Finance Minister Nirmala Sitharaman started pre-Budget 2023 consultations from Monday, starting with industry leaders and experts on infrastructure and climate. During the meetings, the participants make suggestions for the 2023-24 budget, which will be presented to parliament by the Minister of Finance on 1 February.
Pre-budget meetings with union representatives and economists are scheduled for November 28. She will also meet representatives of the service sector and trade organizations, alongside experts from the social sector, including health, education, water and sanitation, on November 24. .
“Union Treasury Secretary Smt. @nsitharaman is chairing her 2nd #PreBudget2023 meeting with the second group of industry leaders and #Infrastructure and #ClimateChange experts today in New Delhi,” the finance ministry said in a tweet on Monday.
It also said: “The 2nd #PreBudget2023 meeting is attended by MoS Finance Shri @mppcchaudhary and dr @DrBhagwatKarad; Finance Minister Dr TV Somanathan; Secretaries of DEA, @SecyDIPAMArid, @DFS_IndiaCEA dr. Anantha Nageswaran & Senior Economic Adviser @FinMinIndia.“
According to the recent reports, the government is planning to change its capital gains tax structure in the 2023-24 budget to bring parity across different asset classes such as stocks, debt and real estate to tax them uniformly. A Reuters report quoted an official as saying that asset classes are not currently taxed uniformly and have different holding periods for capital gains tax purposes, which need to be aligned.

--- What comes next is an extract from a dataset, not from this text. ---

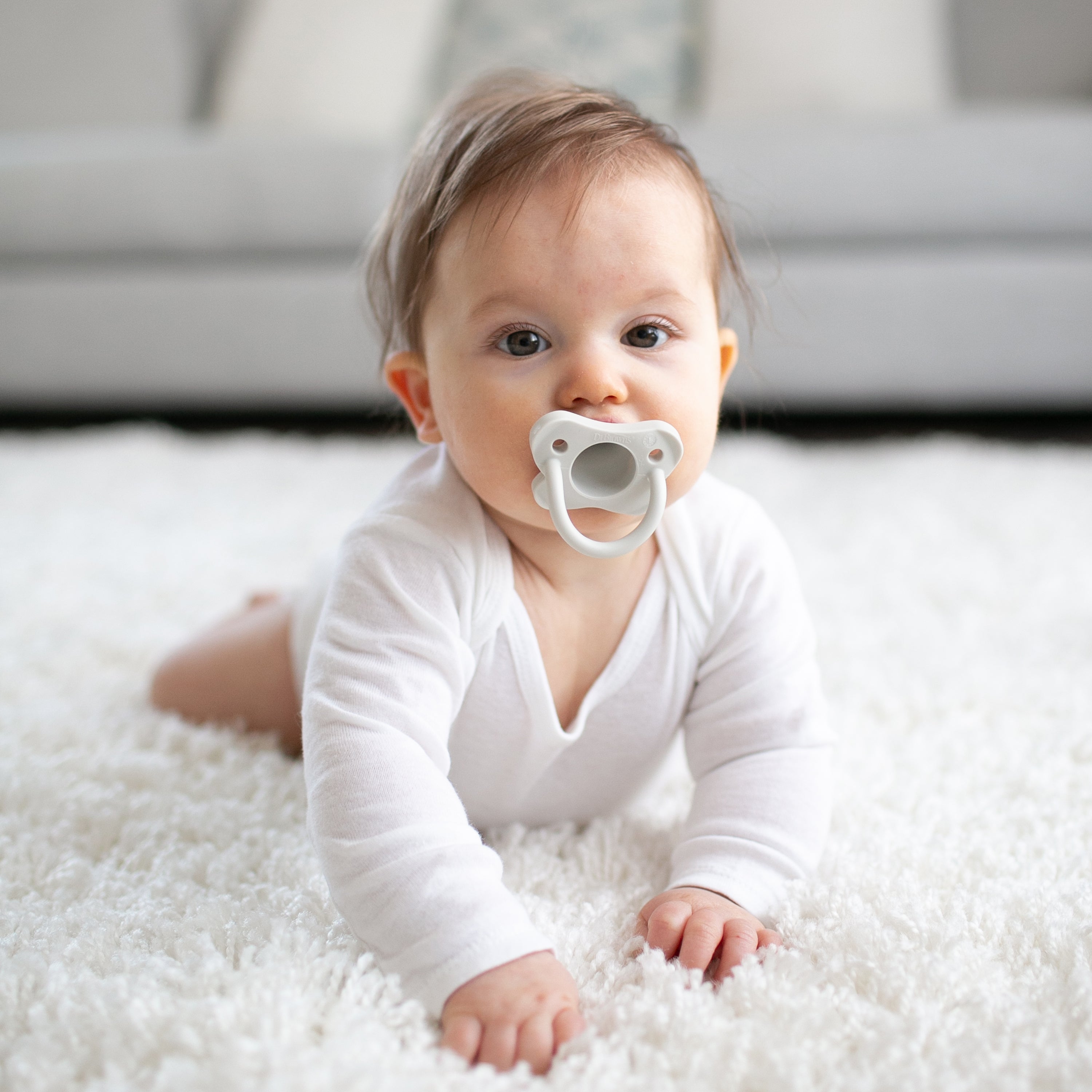 dr-brown-s-happypaci-100-silicone-one-piece-pacifier image 4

According to the Reuters report, the government has received several proposals from the industry to simplify the capital gains tax structure and changes are expected in the 2023/24 budget.
According to a PTI report, the chairman of the Central Board of Direct Taxes (CBDT), Nitin Gupta, also said of the possible tinkering with capital gains tax: “It is part of the budget process, cannot be disclosed.” from the sale of capital goods — both movable and immovable — are subject to ‘capital gains tax’.
Depending on the period for which an asset is held, long-term or short-term capital gains tax is levied. The law provides for separate tax rates for both categories of profits. The calculation method also differs for both categories.
In India, taxes are currently levied on investment gains based on a lock-in or holding period. Investments in shares or share-linked mutual funds for more than one year are considered long-term investments and attract a 10 percent tax on profits in excess of Rs 1 lakh. Equity investments held for up to one year are considered short-term and subject to 15 percent tax.